6.2 Unvested and Vested Shares. Shares that are vested pursuant to the schedule set forth herein are “Vested Shares.” Shares that are not vested pursuant to the schedule set forth herein are “Unvested Shares.” Unvested Shares may not be sold or otherwise transferred by Holder without the Company’s prior written consent. As of the Issue Date, all of the Shares shall initially be Unvested Shares; thereafter, for so long (and only for so long) as Holder continues to provide services to the Company, 3,619 Unvested Shares (as adjusted to reflect any stock dividend, stock split, reverse stock split or recapitalization of the common stock of the Company occurring after the Issue Date) will become Vested Shares upon the expiration of each full month elapsed after July 31, 2009. No Shares will become Vested Shares after the Termination Date.

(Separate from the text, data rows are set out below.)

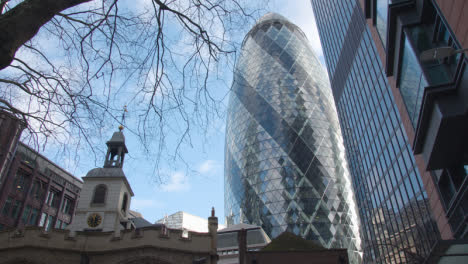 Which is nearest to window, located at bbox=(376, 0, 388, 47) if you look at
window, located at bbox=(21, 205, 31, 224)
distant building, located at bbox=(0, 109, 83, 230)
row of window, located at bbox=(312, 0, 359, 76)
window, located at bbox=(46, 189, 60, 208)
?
row of window, located at bbox=(312, 0, 359, 76)

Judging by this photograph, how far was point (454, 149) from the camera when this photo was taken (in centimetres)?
1077

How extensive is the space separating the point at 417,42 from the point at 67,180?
36166 mm

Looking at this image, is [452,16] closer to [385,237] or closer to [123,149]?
[385,237]

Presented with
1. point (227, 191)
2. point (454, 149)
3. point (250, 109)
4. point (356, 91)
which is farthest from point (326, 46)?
point (454, 149)

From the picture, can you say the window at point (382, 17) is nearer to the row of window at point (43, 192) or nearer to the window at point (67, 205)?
the row of window at point (43, 192)

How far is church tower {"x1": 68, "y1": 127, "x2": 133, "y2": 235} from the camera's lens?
80.4 ft

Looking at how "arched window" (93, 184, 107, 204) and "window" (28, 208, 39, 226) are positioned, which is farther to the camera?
"window" (28, 208, 39, 226)

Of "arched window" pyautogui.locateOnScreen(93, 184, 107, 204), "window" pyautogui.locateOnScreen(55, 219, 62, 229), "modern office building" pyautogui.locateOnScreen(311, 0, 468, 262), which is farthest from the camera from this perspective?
"window" pyautogui.locateOnScreen(55, 219, 62, 229)

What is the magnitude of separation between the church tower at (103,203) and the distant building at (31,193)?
3.16 m

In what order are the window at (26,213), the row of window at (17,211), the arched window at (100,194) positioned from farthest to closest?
the window at (26,213), the row of window at (17,211), the arched window at (100,194)

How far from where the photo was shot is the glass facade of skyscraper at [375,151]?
18.3 m

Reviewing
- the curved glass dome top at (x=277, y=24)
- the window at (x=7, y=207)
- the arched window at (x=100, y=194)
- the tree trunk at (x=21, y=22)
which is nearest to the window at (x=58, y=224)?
the window at (x=7, y=207)

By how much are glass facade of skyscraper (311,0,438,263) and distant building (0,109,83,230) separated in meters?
22.9

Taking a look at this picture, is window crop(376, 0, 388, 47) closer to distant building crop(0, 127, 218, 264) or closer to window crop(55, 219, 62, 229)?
distant building crop(0, 127, 218, 264) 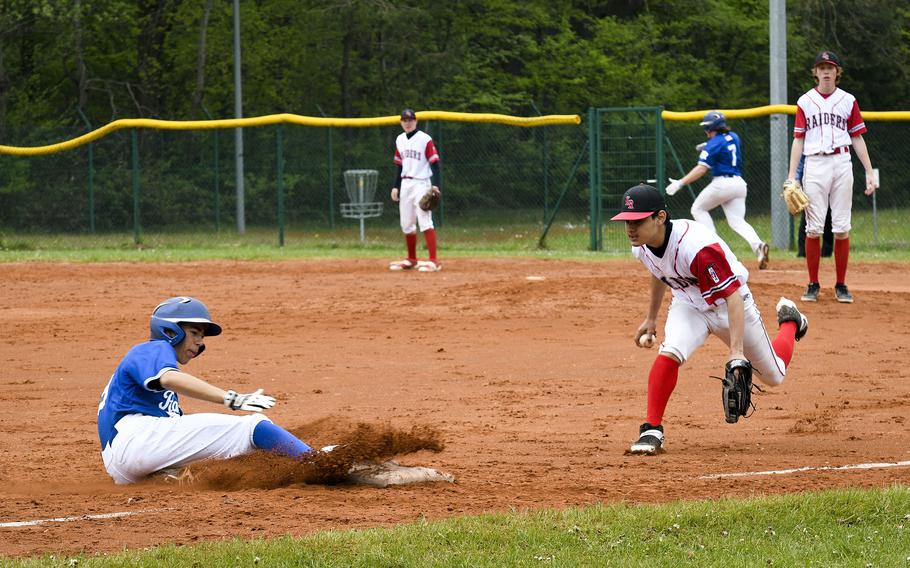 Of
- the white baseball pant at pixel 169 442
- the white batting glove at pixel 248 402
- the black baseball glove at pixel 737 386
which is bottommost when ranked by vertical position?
the white baseball pant at pixel 169 442

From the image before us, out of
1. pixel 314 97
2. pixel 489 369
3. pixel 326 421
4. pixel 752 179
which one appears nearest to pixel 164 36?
pixel 314 97

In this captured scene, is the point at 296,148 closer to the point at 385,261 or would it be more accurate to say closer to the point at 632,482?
the point at 385,261

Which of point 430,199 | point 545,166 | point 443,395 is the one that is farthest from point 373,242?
point 443,395

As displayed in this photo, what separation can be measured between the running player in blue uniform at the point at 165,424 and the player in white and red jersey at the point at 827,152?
25.6 ft

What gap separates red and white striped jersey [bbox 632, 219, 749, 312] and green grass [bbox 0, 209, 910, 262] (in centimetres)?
1271

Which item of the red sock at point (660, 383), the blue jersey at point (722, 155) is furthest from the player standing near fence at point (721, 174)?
the red sock at point (660, 383)

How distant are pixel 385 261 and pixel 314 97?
17515 millimetres

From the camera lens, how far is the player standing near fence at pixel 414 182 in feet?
56.6

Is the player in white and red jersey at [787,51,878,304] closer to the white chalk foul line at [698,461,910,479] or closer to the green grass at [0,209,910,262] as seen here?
the white chalk foul line at [698,461,910,479]

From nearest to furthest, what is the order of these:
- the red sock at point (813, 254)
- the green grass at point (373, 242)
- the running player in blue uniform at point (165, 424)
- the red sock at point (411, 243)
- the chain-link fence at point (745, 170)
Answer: the running player in blue uniform at point (165, 424), the red sock at point (813, 254), the red sock at point (411, 243), the green grass at point (373, 242), the chain-link fence at point (745, 170)

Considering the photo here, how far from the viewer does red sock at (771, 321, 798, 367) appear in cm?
753

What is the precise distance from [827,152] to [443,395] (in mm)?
5461

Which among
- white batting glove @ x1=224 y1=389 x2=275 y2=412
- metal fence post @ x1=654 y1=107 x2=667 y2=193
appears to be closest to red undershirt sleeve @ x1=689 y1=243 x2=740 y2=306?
white batting glove @ x1=224 y1=389 x2=275 y2=412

If the application of the vesting percentage results in a fractional share, such share shall be rounded down to the nearest whole share for each month except for the last month in such vesting period, at the end of which last month the balance of Unvested Shares shall become fully Vested Shares.

6.3 Adjustments. The number of Shares that are Vested Shares or Unvested Shares will be proportionally adjusted to reflect any stock dividend, stock split, reverse stock split or recapitalization of the Class A Common Stock of the Company occurring after the Issue Date.

6.4 Exercise of Repurchase Option at Original Price. At any time within ninety (90) days after the Termination Date, the Company may elect to repurchase any or all of the Unvested Shares by giving Holder written notice of exercise of the Repurchase Option. The Company and/or its assignee(s) will then have the option to repurchase from Holder (or from Holder’s personal representative as the case may be) any or all of the Unvested Shares at $4.03 per share, as adjusted to reflect any stock dividend, stock split, reverse stock split or recapitalization of the Class A Common Stock of the Company occurring after the Issue Date (the “Repurchase Option Price”).

6.5 Payment of Repurchase Price. The Repurchase Option Price will be payable, at the option of the Company or its assignee(s), by check or by cancellation of all or a portion of any outstanding indebtedness owed by Holder to the Company (or to such assignee) or by any combination thereof. The Repurchase Option Price will be paid without interest within ninety (90) days after the Company gives the Holder written notice of the exercise of its Repurchase Option.

7. RIGHT OF FIRST REFUSAL. Unless Holder receives the Company’s prior written consent, any sale, hypothecation, encumbrance or other transfer of any Unvested Share is strictly prohibited and shall be void. Before any Vested Shares held by Holder or any transferee of such Vested Shares (either sometimes referred to herein as the “Holder”) may be sold or otherwise transferred (including without limitation a transfer by gift or operation of law), the Company and/or its assignee(s) will have a right of first refusal to purchase the Shares to be sold or transferred (the “Offered Shares”) on the terms and conditions set forth in this Section 7 (the “Right of First Refusal”).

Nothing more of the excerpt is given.